Wati Kutjarra
Kukatja/Pintupi people, Western Australia
c.1929 – 2007
Sam Tjampitjin
Kukatja/Walpiri people, Western Australia
c.1930 – 10 May 2004
Wati Kutjarra
1999
synthetic polymer paint on canvas
- Place made
- Balgo Hills, Western Australia
- Medium
- synthetic polymer paint on canvas
- Dimensions
-
181.5 x 294.3 cm
181.5 x 294.3 x 3.8 cm (Reg Measurement) - Credit line
- Santos Fund for Aboriginal Art 2000
- Accession number
- 20002P5
- Signature and date
- Not signed. Not dated
- Media category
- Painting
- Collection area
- Australian paintings - Aboriginal and Torres Strait Islander
- Copyright
- Courtesy Tjumpo Tjapanangka, Sam Tjampitjin and Warlayirti Artists
-
Tjumpo Tjapanangka and Sam Tjampitjin led broadly similar lives. Both were born about 1930 in nearby parts of a remote region of Western Australia. Both lived traditional desert lifestyles before moving to Balgo mission as young men. There, in the mid-1980s, the friends began painting. They later considered themselves to be ‘the last living Kukatja custodians for Wilkinkarra’, the predominantly dry salt lake of Lake Mackay on the Western Australia–Northern Territory border.

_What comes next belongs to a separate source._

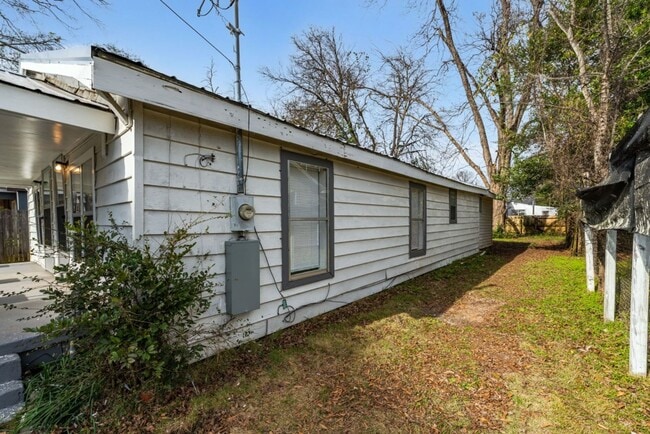 Building Photo - Renovated 3BR/2BA Tuscaloosa Gem with Luxu...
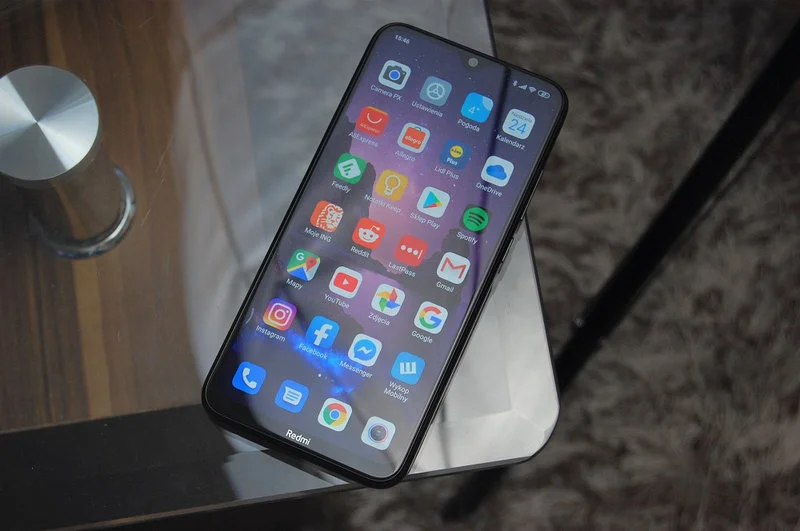 Xiaomi odpiera zarzuty o szpiegostwo i… aktualizuje swoje przeglądarki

Their collaborative painting Wati Kutjarra offers more dualities: a work by two artists from adjoining countries, about the Two Men Tjukurpa (ancestral story), presented in two sections. The left represents the Two Men by their campfire, surrounded by sand dunes; the right represents the hiding places of the elusive malu (wallaby) they are hunting. To flush out the malu, the hunters later set a fire that flares destructively out of control, forming the lake, Wilkinkarra.